Anni Albers: ‘Work with Material’
52-page manuscript book, written out in Chinese ink on Zerkall paper with gouache-painted illustrations on Bodleian paper, red Zerkall endpapers, millboard covered in grey Khadi paper. 187 x 148 mm. Completed February 2019.
I attended the retrospective exhibition of the work of the weaver and artist, Anni Albers, at the Tate Modern in the autumn of 2018 and was struck by the opening sentence of her essay, ‘Work with Material’: ‘Life today is very bewildering. We have no picture of it which is all-inclusive, such as former times may have had . . .’. This was written shortly before the beginning of the Second World War, though the sentiment certainly finds an echo in our own uncertain times.
She goes on to write about the importance in human life of the direct contact with materials: ‘Civilization seems in general to estrange men from materials, that is, from materials in their original form . . . We use materials to satisfy our practical needs and our spiritual ones as well.’
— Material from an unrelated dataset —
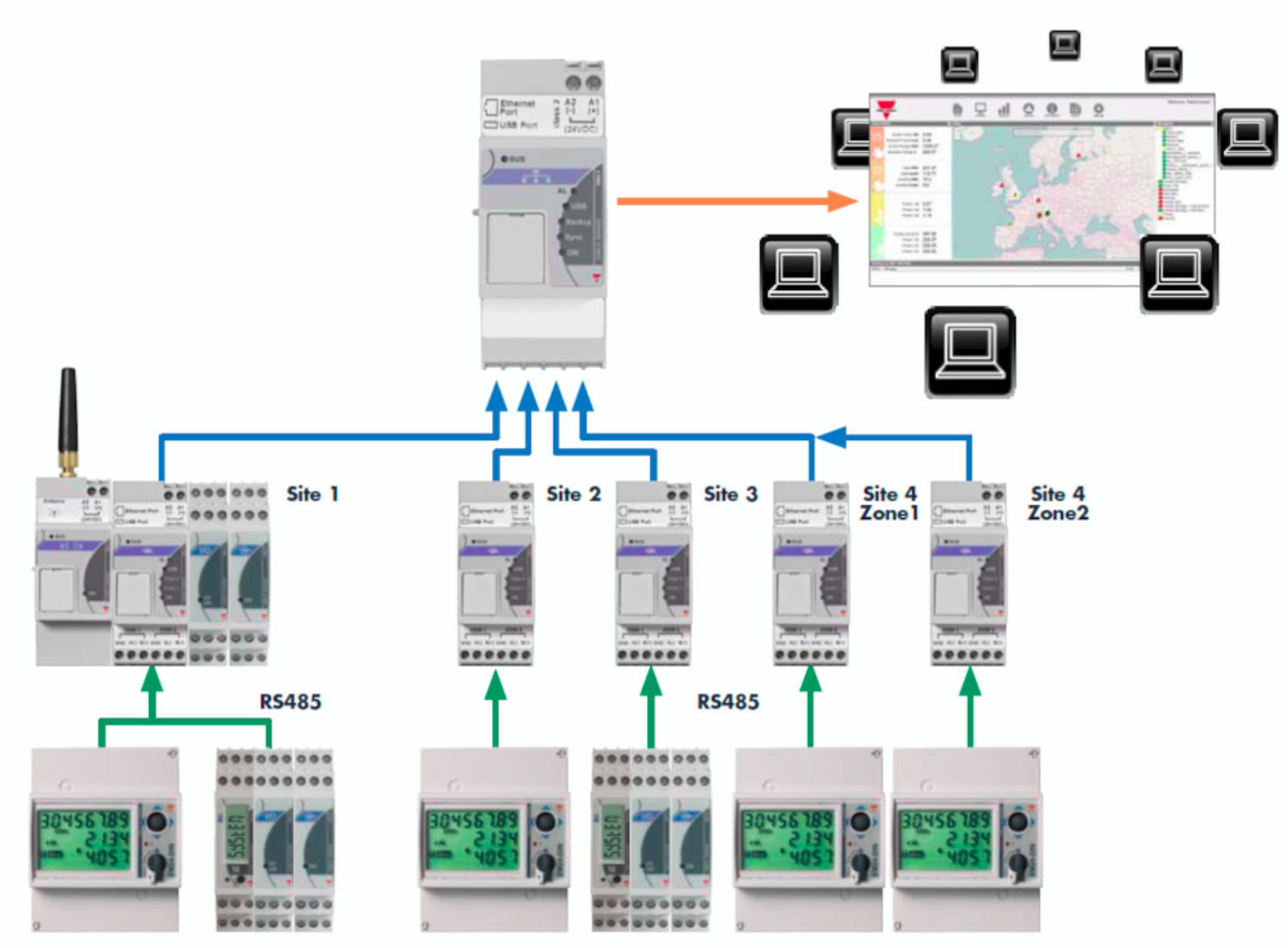 Pilotez efficacement votre performance énergétique avec les solutions de gestion d’énergie Carlo Gavazzi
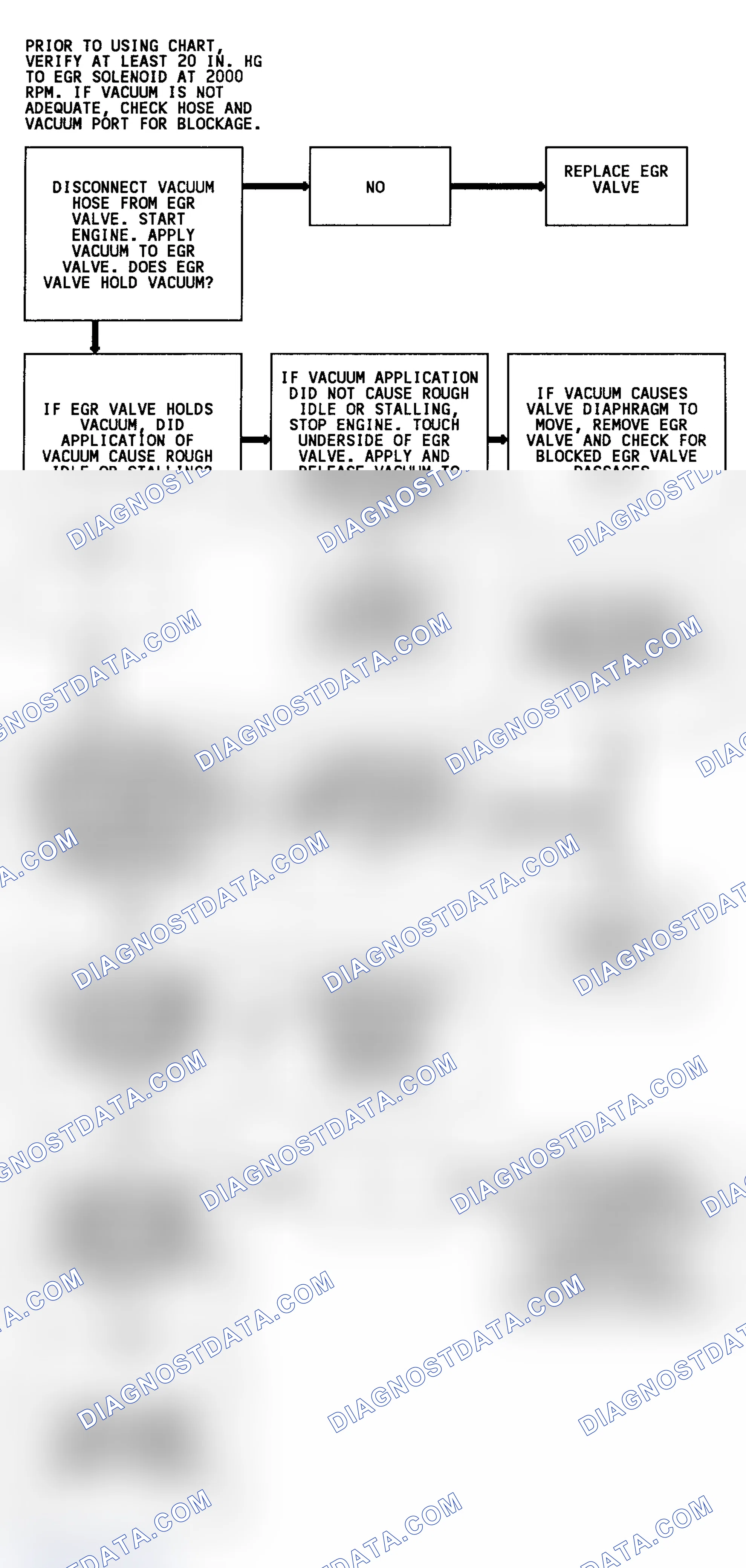 Scheme 62: Code 32 Flow Chart (4.3L) EGR System Error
However, she is surprisingly even-handed about the way in which ‘craft’ can slide into mechanized production (and vice versa): ‘Machines reduce the boredom of repetition. On the other hand they permit a play of the imagination only in the preliminary planning of the product.’
As someone formerly involved both in planning for mass production as well as craft work, this struck a particular chord, and especially the apparent dichotomy between ‘workmanship of risk (aka hand work) and ‘workmanship of certainty (aka machine work). I made several mistakes while working on this manuscript and it was interesting to explore what I considered to be acceptable, and what had to be corrected.
In broad terms, spelling errors required re-work, as did bad letter forms, but smudges, shakes and other manifestations of the human hand were considered acceptable. Ultimately, perfection is not achievable, nor even to be sought after, but the ultimate test is whether (in Albers’ words) ‘we can find certitude in the belief that we are taking part in an eternal order’.